Except as otherwise provided by applicable law, the Board may, by resolution or resolutions passed by a majority of the whole Board, designate one or more committees, each such committee to consist of at least one or more directors of the Corporation, which to the extent provided in said resolution or resolutions shall have and may exercise the powers of the Board in the management of the business and affairs of the Corporation and may authorize the seal of the Corporation to be affixed to all papers which may require it, such committee or committees to have such name or names as may be determined from time to time by resolution adopted by the Board. The Board may designate one or more directors as alternate members of any committee, who may replace any absent or disqualified member at any meeting of the committee. Upon the absence or disqualification of a member of a committee, if the Board has not designated one or more alternates (or if such alternate(s) is then absent or disqualified), the member or members thereof present at any meeting and not disqualified from voting, whether or not such member or members constitute a quorum, may unanimously appoint another member of the Board to act at the meeting in the place of any such absent or disqualified member or alternate. A majority of all the members of any such committee may determine its action and fix the time and place of its meetings, unless the Board shall otherwise provide.
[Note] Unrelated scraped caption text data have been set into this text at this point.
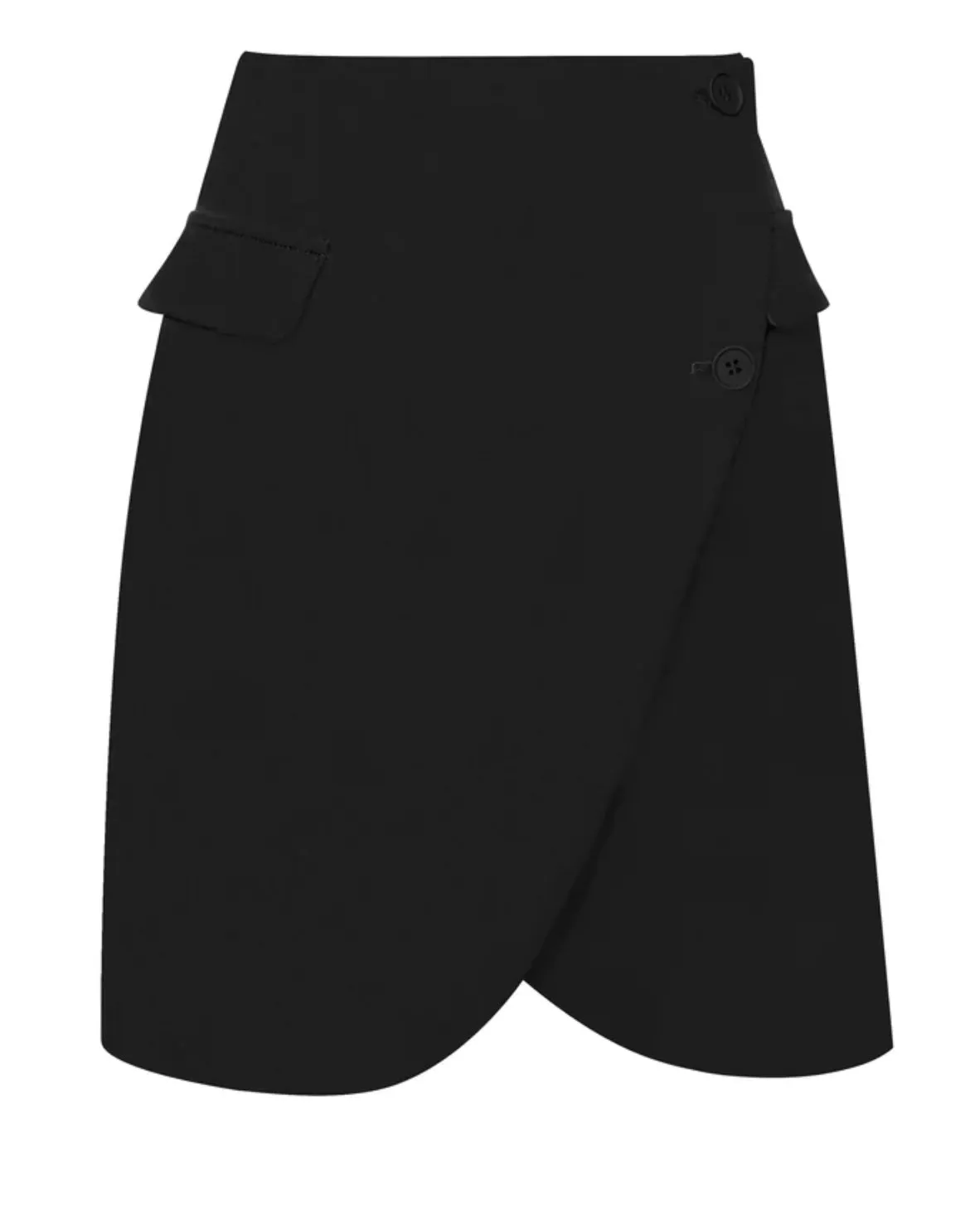 BLACK ASYMMETRICAL MINI SKIRT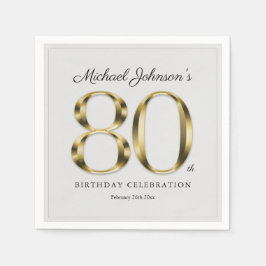 80:e födelsedagsdagen Solid Guld Light Grått Class Pappersservett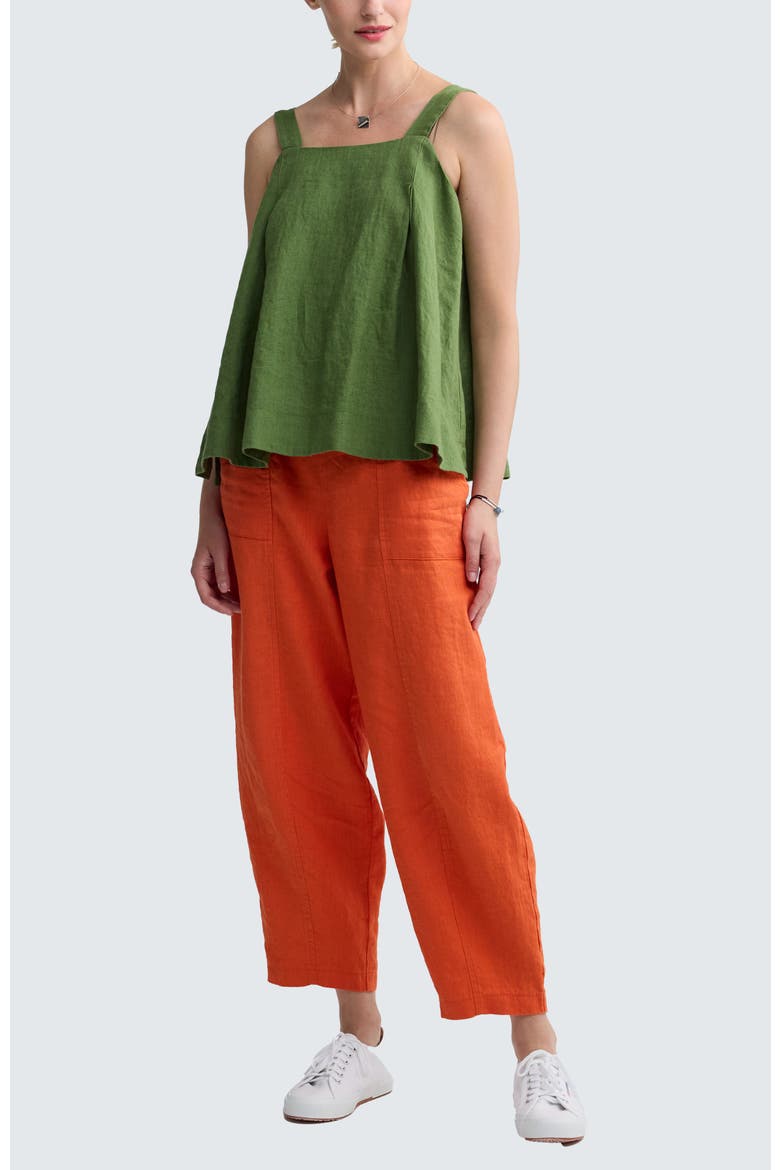 Mariel Square Neck Linen Top, Alternate, color, Apple Green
The Board shall have the power to change the members of any such committee at any time, to fill vacancies and to discharge any such committee, either with or without cause, at any time.
 
3.10         Fees and Compensation.
 
Each director and each member of a committee of the Board shall receive such fees and reimbursement of expenses incurred on behalf of the Corporation or in attending meetings as the Board may from time to time determine. No such payment shall preclude any director from serving the Corporation in any other capacity and receiving compensation therefore.
 
ARTICLE IV
 
OFFICERS
 
4.1           Executive Officers.
 
The principal officers of the Corporation shall be a Chairman, if one is appointed (and any references to the Chairman shall not apply if a Chairman has not been appointed), a Chief Executive Officer, a President, a Chief Financial Officer and a Secretary, and may include such other officers as the Board may appoint pursuant to Section 4.3. Any two or more offices may be held by the same person.
 
4.2           Authority and Duties.
 
All officers, as between themselves and the Corporation, shall have such authority and perform such duties in the management of the Corporation as may be provided in these By-laws or, to the extent so provided, by the Board.
 
4.3           Other Officers.
 
The Corporation may have such other officers, agents and employees as the Board may deem necessary, including one or more Assistant Secretaries and one or more Vice Presidents, each of whom shall hold office for such period, have such authority and perform such duties as the Board, the Chairman, the Chief Executive Officer or the President may from time to time determine. The Board may delegate to any principal officer the power to appoint and define the authority and duties of, or remove, any such officers, agents or employees. The officers of the Corporation need not be stockholders of the Corporation, nor, except in the case of the Chairman of the Board, need such officers be directors of the Corporation.
 
4.4           Term of Office, Resignation, Removal and Disability.
 
(a)           All officers shall be elected or appointed by the Board and shall hold office for such term as may be prescribed by the Board. Each officer shall hold office until his or her successor has been elected or appointed and qualified or until his or her earlier death or resignation or removal in the manner hereinafter provided.
 
(b)           Any officer may resign at any time by giving written notice to the Board, the Chairman, the Chief Executive Officer, the President or the Secretary. Such resignation shall take effect at the time specified therein or, if the time be not specified, at the time it is accepted by action of the Board. Except as aforesaid, the acceptance of such resignation shall not be necessary to make it effective.
 
(c)           All officers and agents elected or appointed by the Board shall be subject to removal, with or without cause, at any time by the Board.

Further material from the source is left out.